From food trucks to flower marts, how Prince George’s will kick-start New Carrollton

New Carrollton is Prince George’s busiest Metro station, among its most active development areas, and a source of wealth — 71 percent of commuters there earn more than $50,000 a year.

Yet, it is largely a dead zone.

On Friday, Victor Hoskins, the county’s deputy chief administrative officer for economic development, led the third and final brainstorming session for activating New Carrollton, to get the area within one mile of Metro “off the ground.” Flower markets? Food trucks? Concerts? All on the table.

“New Carrollton has been around for 30-plus years, but it really has not met the promise anyone hoped,” Hoskins told an audience of roughly 50 county, Metro and private sector leaders. “What we’re really trying to do is create a sense of place and draw a market to New Carrollton.”

Already home to the Internal Revenue Service, New Carrollton will soon welcome the Maryland Department of Housing and Community Development to a new, 97,000-square-foot headquarters. Berman Enterprises LP, which is developing the DHCD building, also will construct 750 residential units there and 120,000 square feet of retail. Forest City and Urban Atlantic, meanwhile, have a deal with Metro to develop a mixed-use, transit-oriented project on 39 acres at New Carrollton.

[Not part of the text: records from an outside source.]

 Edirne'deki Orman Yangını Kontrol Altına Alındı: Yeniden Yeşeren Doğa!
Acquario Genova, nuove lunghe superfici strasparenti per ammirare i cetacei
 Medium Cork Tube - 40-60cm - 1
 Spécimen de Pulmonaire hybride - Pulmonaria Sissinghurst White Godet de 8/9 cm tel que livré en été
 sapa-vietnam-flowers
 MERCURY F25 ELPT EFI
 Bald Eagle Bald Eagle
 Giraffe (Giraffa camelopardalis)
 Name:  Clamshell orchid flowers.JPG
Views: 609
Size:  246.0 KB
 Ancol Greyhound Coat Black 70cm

The Metro station sees roughly 9,000 weekday passenger boardings, including nearly 5,000 park-and-riders. Another 300,000 vehicles pass through the area daily, many on the Beltway.

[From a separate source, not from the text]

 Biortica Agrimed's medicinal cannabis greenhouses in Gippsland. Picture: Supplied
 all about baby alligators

Despite the growth, New Carrollton is largely utilitarian, a place that commuters quickly walk or drive through to get to their destination. The goal, Hoskins said, is to lure them in, to “capture them” like a bear captures salmon from the side of a river.

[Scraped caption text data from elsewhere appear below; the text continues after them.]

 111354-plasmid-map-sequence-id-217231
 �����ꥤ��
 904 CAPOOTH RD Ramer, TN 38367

“It feels unsafe to me,” Hoskins said. “I’d like it to be a safe place, bright. It’s necessary. I’d like it to be fun. It’s worn out. I’d like it to be new.”

The ideas from the audience ranged from a tech center, pop-up pet adoption fairs and a monthlong winter wonderland (“with alcohol”), to Internet cafes, summer camps, food trucks, concerts and even Artomatic. Prince George’s is in talks with Artomatic, officials said Friday, and county leaders recently toured the vacated 12-story CSC building in New Carrollton as a possible venue.

Hoskins and his team will build the ideas into a matrix, to determine what is most “implementable,” that is, what can be done the fastest and for the least amount of money. A 1-acre park, said Victoria Davis, Urban Atlantic president, would could $5 million to $7 million to plan and build, plus $400,000 a year to operate. Bringing in a busker? That’s free.

“Where low cost and ease of implementation meet,” Hoskins said, “these will probably be our first activities.”

The situation in New Carrollton bears some similarities (and many differences) to the District’s trial-and-error activation of St. Elizabeths east, which is still a work in progress. Hoskins invited Catherine Buell, executive director of the St. Elizabeths east project in D.C., to speak on the initiatives underway on the 183-acre Congress Heights campus.

The District initially hired a private manager, Brown & Fried LLC, to manage the St. E’s Gateway Pavilion at a cost of $50,000 a month. After spending $288,316 getting very little in return, D.C. fired Brown & Fried and took on the initiative itself, hosting the occasional Whole Foods pop-up, concerts, workshops, and other activities meant to lure the community — including employees of the new U.S. Coast Guard headquarters across the street — to the campus. Today, D.C. is installing public art, building a temporary walkway, incorporating a permanent cafe into the pavilion and generally drawing attention to a site that was long cut off from the public, but is slated for massive future redevelopment.

Unlike St. E’s, New Carrollton is not fenced off from the surrounding community. It is a busy place, even if most people are just passing through. The largest issue to jump starting it may be jurisdictional, in that much of the area Prince George’s would like to see activated is controlled not by the county, but by Metro and other entities.

“First and foremost, we’re a transit agency,” said Stan Wall, Metro’s director of real estate and station planning and a participant in the brainstorming session. “It’s not impossible; we just have to make sure we work through the impacts.”

To which Hoskins responded, “Rules, regulations, that’s just something to overcome on the way to your opportunity.”